And here you have Patrick McConlogue and Leo Grand, entrepreneurs from two very different lives, meeting to create an app with multiple lasting impacts. There is the aspirational and literally global impact of providing a tool for citizens to use to live more sustainably. And then there is the impact on Leo’s and Patrick’s lives.

In this video about Patrick and Leo’s partnership, Patrick explains his motivation: “There are a lot of people who could do a lot of great things. I think that sometimes that potential could be lost.”  You see, investing in people is important.

In Computer Science, we discuss two ways to perform a set of instructions repeatedly. You could do them iteratively, repeating the instructions a set number of times or as long as certain conditions or met. Or, you could do them recursively, applying the same set of instructions to a related but simpler version of the original one. Recursion is the only feasible way to solve puzzles in which the same challenges are seen across a set of related problems that range from the incredibly rich and complex to the ridiculously simple and irreducible.

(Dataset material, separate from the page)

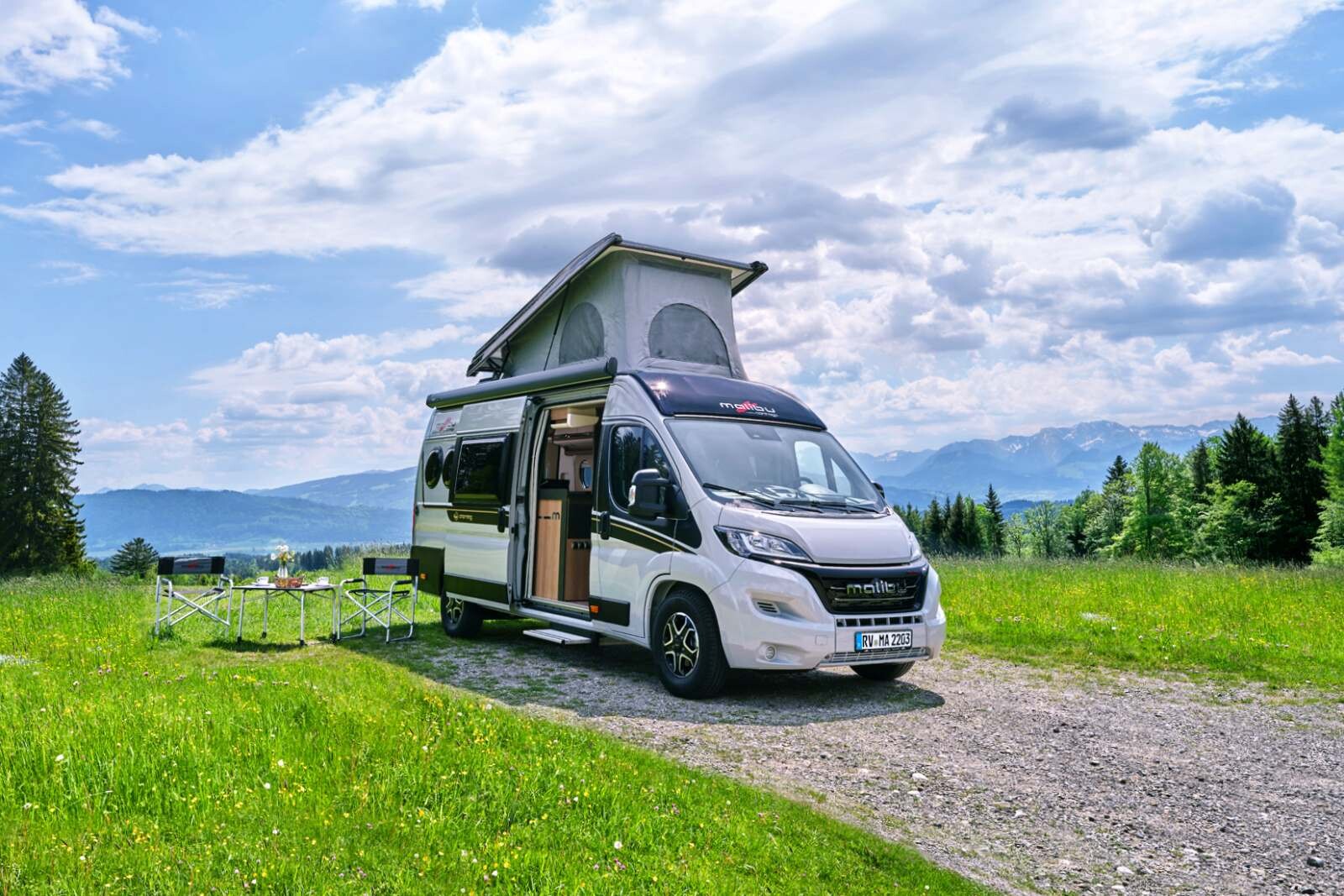 Le Malibu Van Diversity 640 LE sur Fiat Ducato (6,36 m) en version GT Skyview (skyroof panoramique) et toit relevable family-for-4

Life is that kind of puzzle. Paying it forward is its recursive solution.


About Ray Klump

Associate Dean, College of Aviation, Science, and Technology at Lewis University Director, Master of Science in Information Security Lewis University http://online.lewisu.edu/ms-information-security.asp, http://online.lewisu.edu/resource/engineering-technology/articles.asp, http://cs.lewisu.edu. You can find him on Google+.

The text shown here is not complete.